Bonds underperformed equities, resulting in higher-risk portfolios outperforming lower-risk portfolios during the month.

Other Topical Themes:

US Debt Ceiling Reaches Resolution: In early June, the US Congress reached an agreement to raise the debt ceiling, ensuring that there would be no default on US Treasury Bonds. This resolution came just in time, as a default could have occurred within a matter of days. While a deal was expected, the potential severity of the situation created tension in the markets leading up to the agreement, particularly impacting short-dated Treasury bonds.

The outcome of the deal appears to be favourable for the Democrats, as they only had to make relatively minor concessions on spending reform compared to the large demands made by the Republicans. Once it became clear that a deal was imminent, the market responded positively.

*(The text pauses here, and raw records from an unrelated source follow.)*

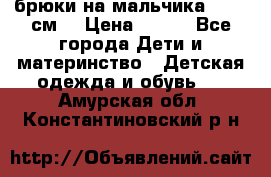 брюки на мальчика 80-86 см. › Цена ­ 250 - Все города Дети и материнство » Детская одежда и обувь   . Амурская обл.,Константиновский р-н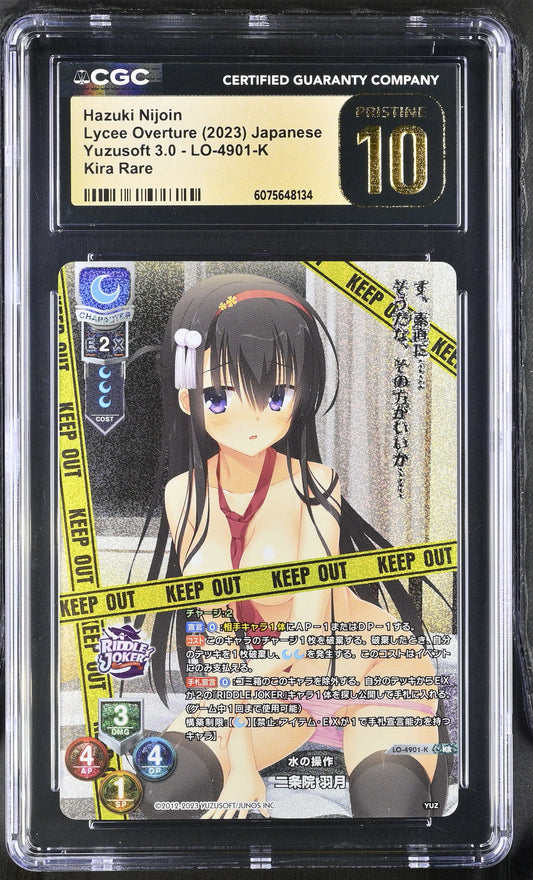 2023 Lycee Yuzusoft 3.0 Hazuki Nijoin LO-4901-K KR CGC 10 Pristine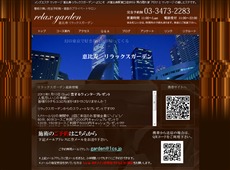 恵比寿リラックスガーデン 恵比寿 日本式エステ・マッサージ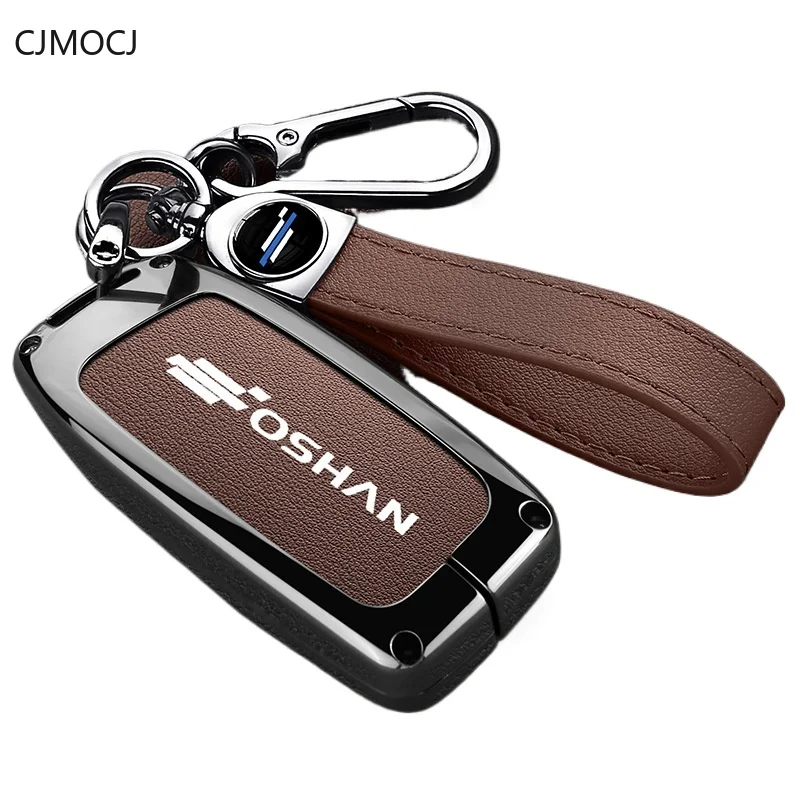 

Premium Zinc Alloy Key Cover Case for Changan Oshan Z6/X5 Plus/X7 Plus - Protective Key Fob Shell Keybag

However, it’s important to note that the impact of this situation, except in the event of a default, was always expected to be short-term in nature.

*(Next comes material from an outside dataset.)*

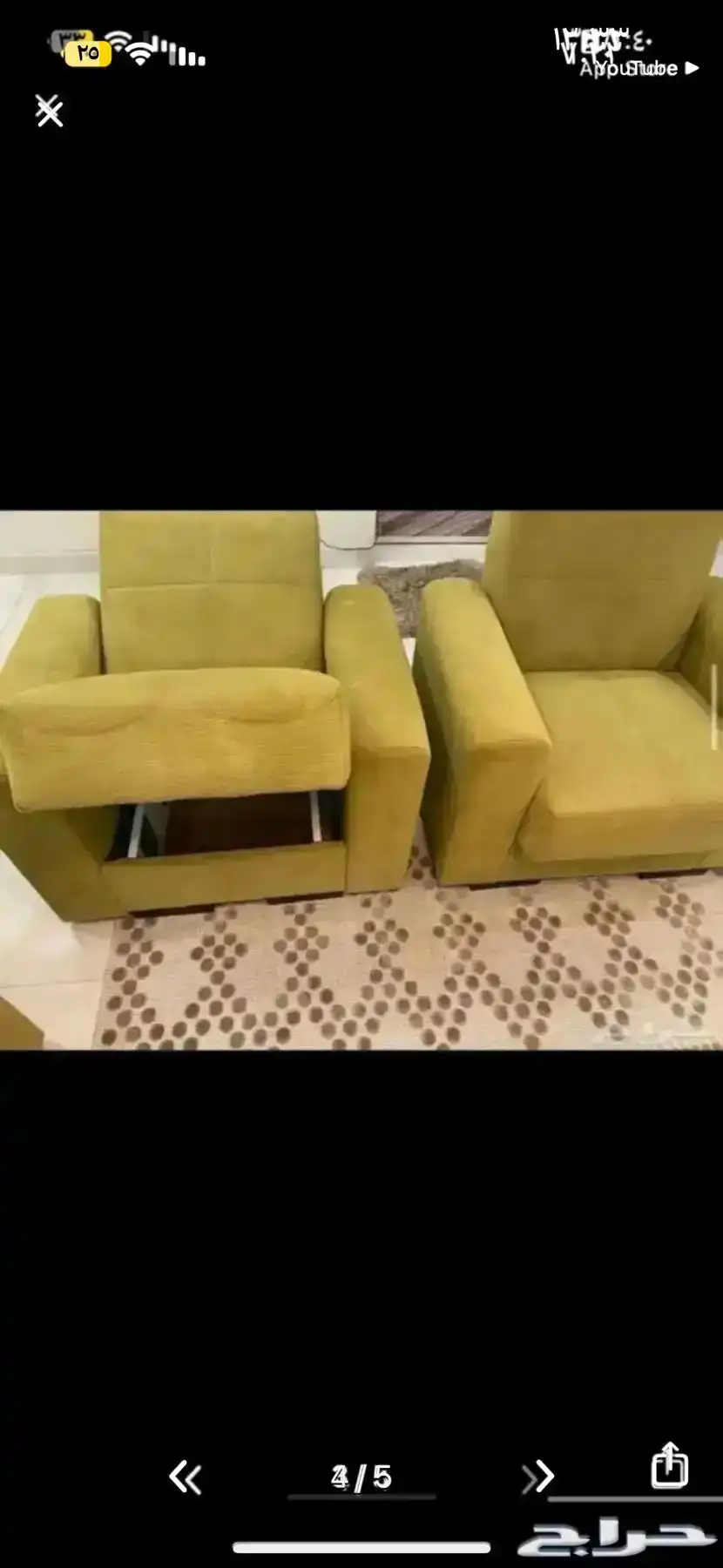 اثاث مجلس صاله 1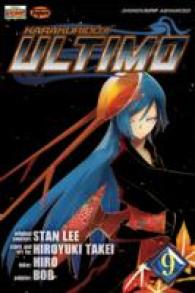 武井宏之「機巧童子ULTIMO（ウルティモ）」（英訳）Vol. 9<br>Ultimo 9 (Ultimo)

Persistent UK Inflation: Released in May, the inflation data for April showed a significant decrease from 10.1% to 8.7%. However, upon closer examination, the situation is not as positive as it initially appears. The drop in inflation was mainly driven by lower energy bills, accounting for 1.4% of the decrease. This means that the entire decline in inflation was due to what is called “base effects,” as the substantial increase in energy bills from April 2022 no longer influenced the data.

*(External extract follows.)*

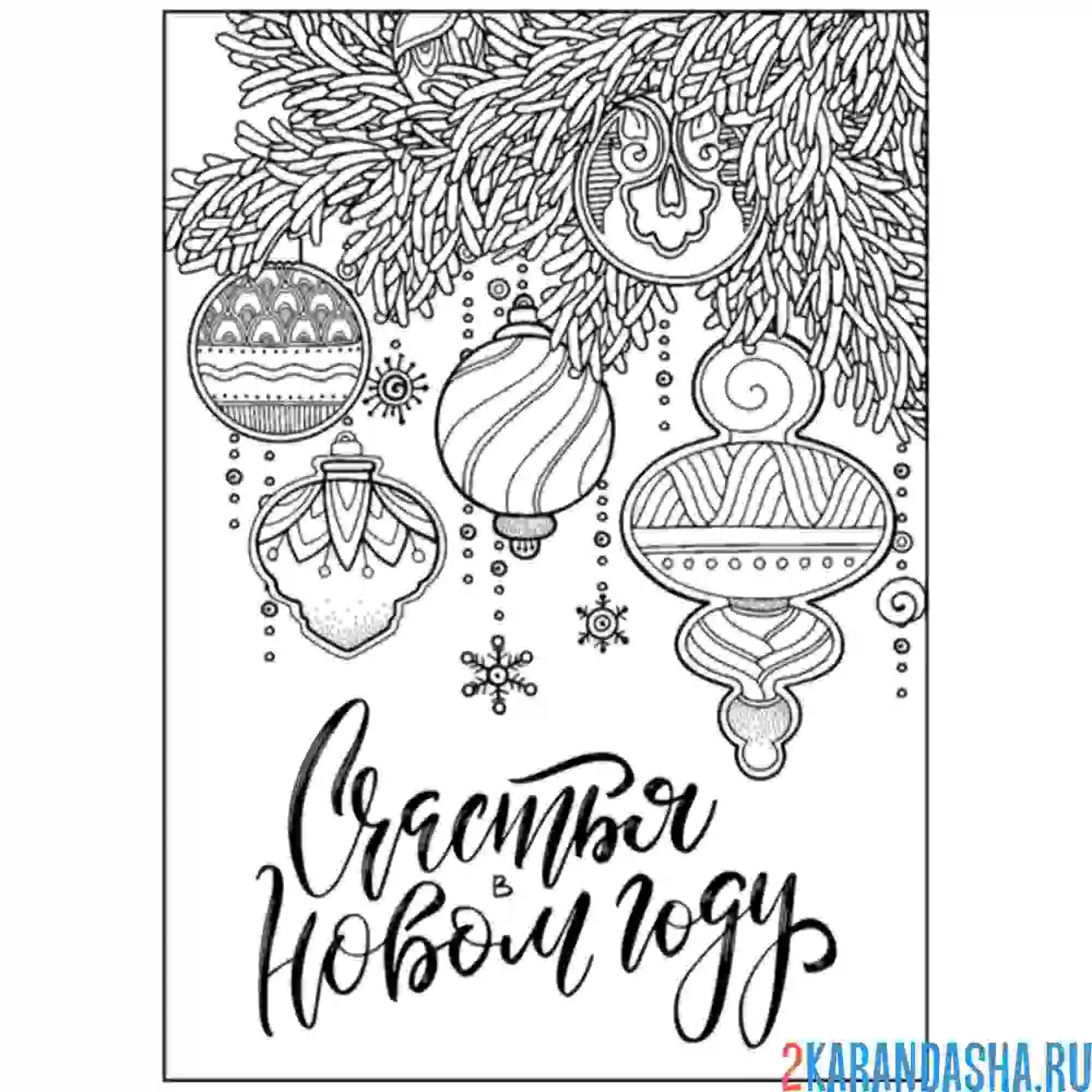 Раскраска счастья в новом году елочные шары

When we look at other measures of inflation that provide a better indication of price increases generated within the economy, the picture becomes less encouraging. Core inflation, which excludes energy, food, alcohol, and tobacco, actually accelerated from 6.2% to 6.8%. Additionally, Services Consumer Price Index (CPI), a key indicator, rose from 6.6% to 6.9%. One notable driver of Services CPI was the upward adjustment of phone contracts in the telecommunications sector. The rise in Services CPI, especially, raises concerns for the Bank of England (BoE), as it could potentially signal the beginning of a wage-price spiral.

Following the release of the inflation data, expectations increased regarding how much the BoE will raise interest rates. This led to an increase in bond yields, meaning that bond prices fell. Currently, government bond yields are over 4.5% and almost 5% for very short-dated bonds. This may present an attractive entry point for investors interested in bonds.